Dataset records:
▼

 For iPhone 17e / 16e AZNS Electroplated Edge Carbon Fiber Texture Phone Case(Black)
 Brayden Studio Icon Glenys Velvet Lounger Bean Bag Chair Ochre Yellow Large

▲
▼

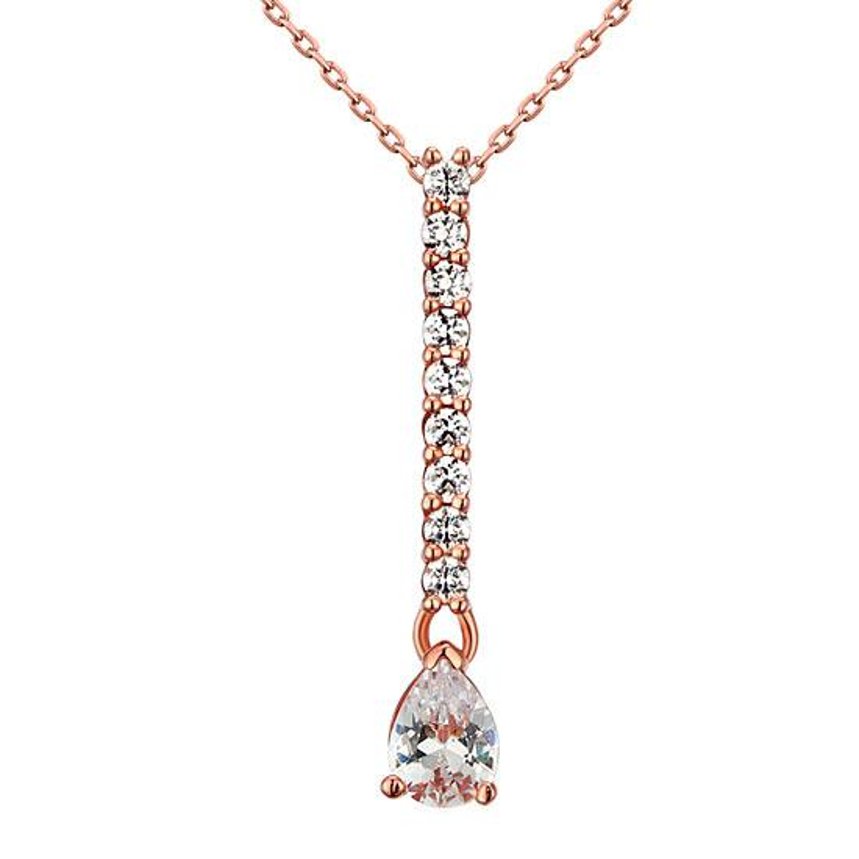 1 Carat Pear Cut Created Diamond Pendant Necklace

▲

Task goal: Take the lines above from the one containing "For iPhone 17e" down to the one containing "Brayden Studio Icon", and transcribe them exactly, both ends included.

Response:
 For iPhone 17e / 16e AZNS Electroplated Edge Carbon Fiber Texture Phone Case(Black)
 Brayden Studio Icon Glenys Velvet Lounger Bean Bag Chair Ochre Yellow Large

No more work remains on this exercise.